> _EXERCISE DIRECTIONS_:
Copy out the entire listing below exactly, but without its pictures.
═══ STORED DATA ═══
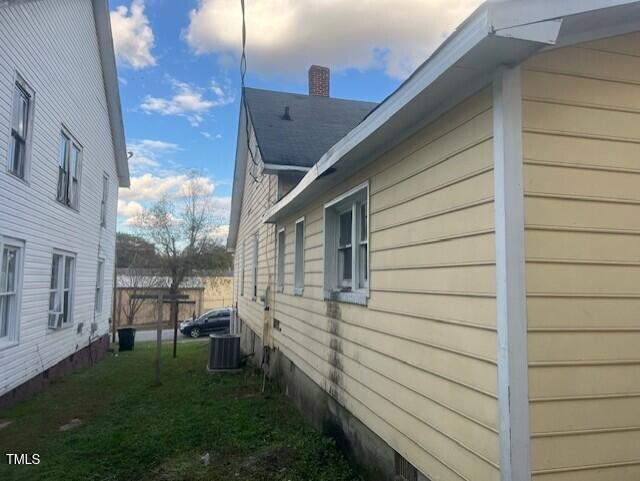 view of side of home with central air condition unit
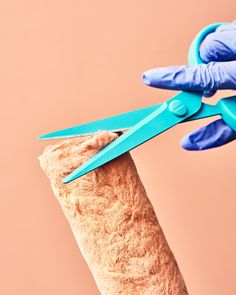 a person in blue gloves holding scissors over a piece of fabric that has been cut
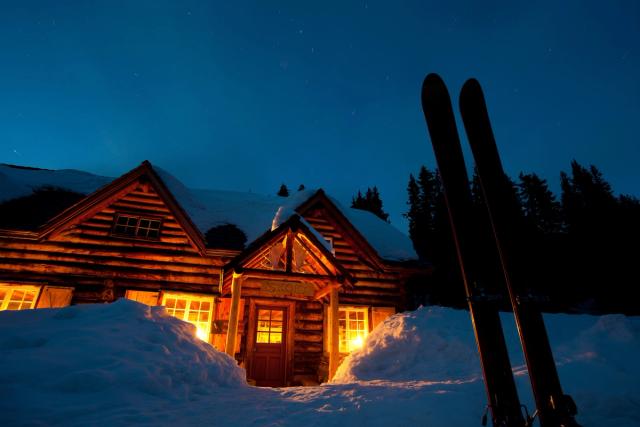 Exterior of Skoki Lodge at night, in the Summer.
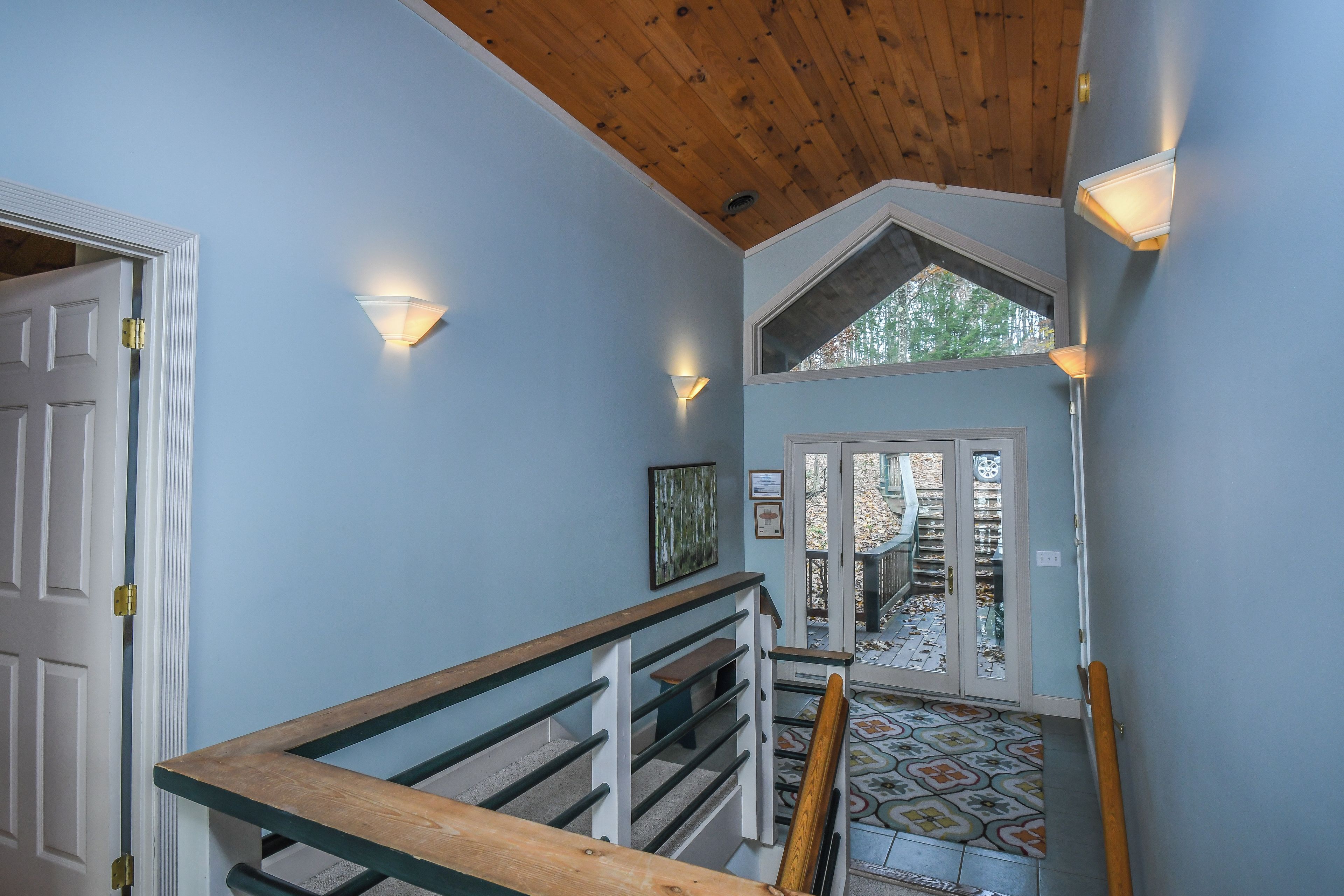A staircase with a wooden handrail, a white door, and a wall-mounted light fixture.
═══
> _ANSWER SECTION_:
 view of side of home with central air condition unit
 a person in blue gloves holding scissors over a piece of fabric that has been cut
 Exterior of Skoki Lodge at night, in the Summer.
A staircase with a wooden handrail, a white door, and a wall-mounted light fixture.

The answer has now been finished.